In my nonfiction book Live Pterosaurs in America, I mentioned the sighting by Professor Peter Beach, in the summer of 2007, near the Yakima River in the state of Washington. Consider part of what he wrote about it:

. . . we saw many . . . flashing lights. I would have assumed that [they] were fireflies but we [don’t] have them in Washington. One of the flashes took off from a big tree overhanging the river and made a kind of flashing coma turn. Many flashes were parallel to the river. . . . there were many fish . . . Prime hunting grounds for fish-eating birds. Only these things fish at night with bioluminescence. At first I thought I was just seeing shooting stars, but they were all parallel to the river and close to the horizon. Next I noticed that when the cloud cover came in, I could still see the flashes. They were under the cloud cover. Whatever they are, I suggest that they are at least unknown to science, night flying, bioluminescent, flying creatures . . .

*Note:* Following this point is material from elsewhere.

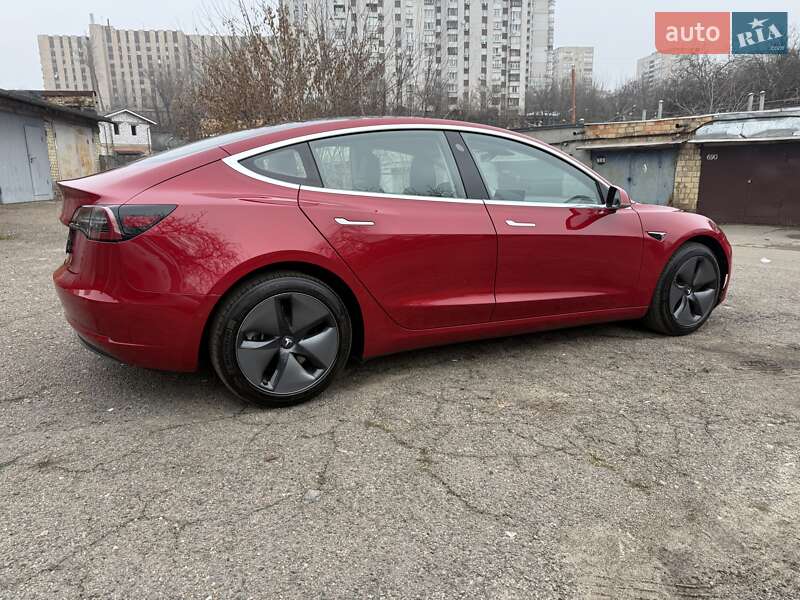 Седан Tesla Model 3 2018 в Киеве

About a year later (perhaps in the same area) the professor led another expedition, observing the flight of the bioluminescent flying creatures for three hours:

. . . there were two light [flashes] . . . about 50-100 ft., above the river. . . . followed by screeches from about a dozen or so agitated nighthawks in the general area. I think the Rhamphorhynchoids, if that is what they were, were feeding on the nighthawks as the nighthawks were feeding on the flying insects. Bats were also common, but they were fast, made sharp turns, and were relatively small . . .

I know of others who encountered strange flying lights over rivers in the United States, flights that were only just above the water. Even where fireflies live, these flying things are much larger and faster.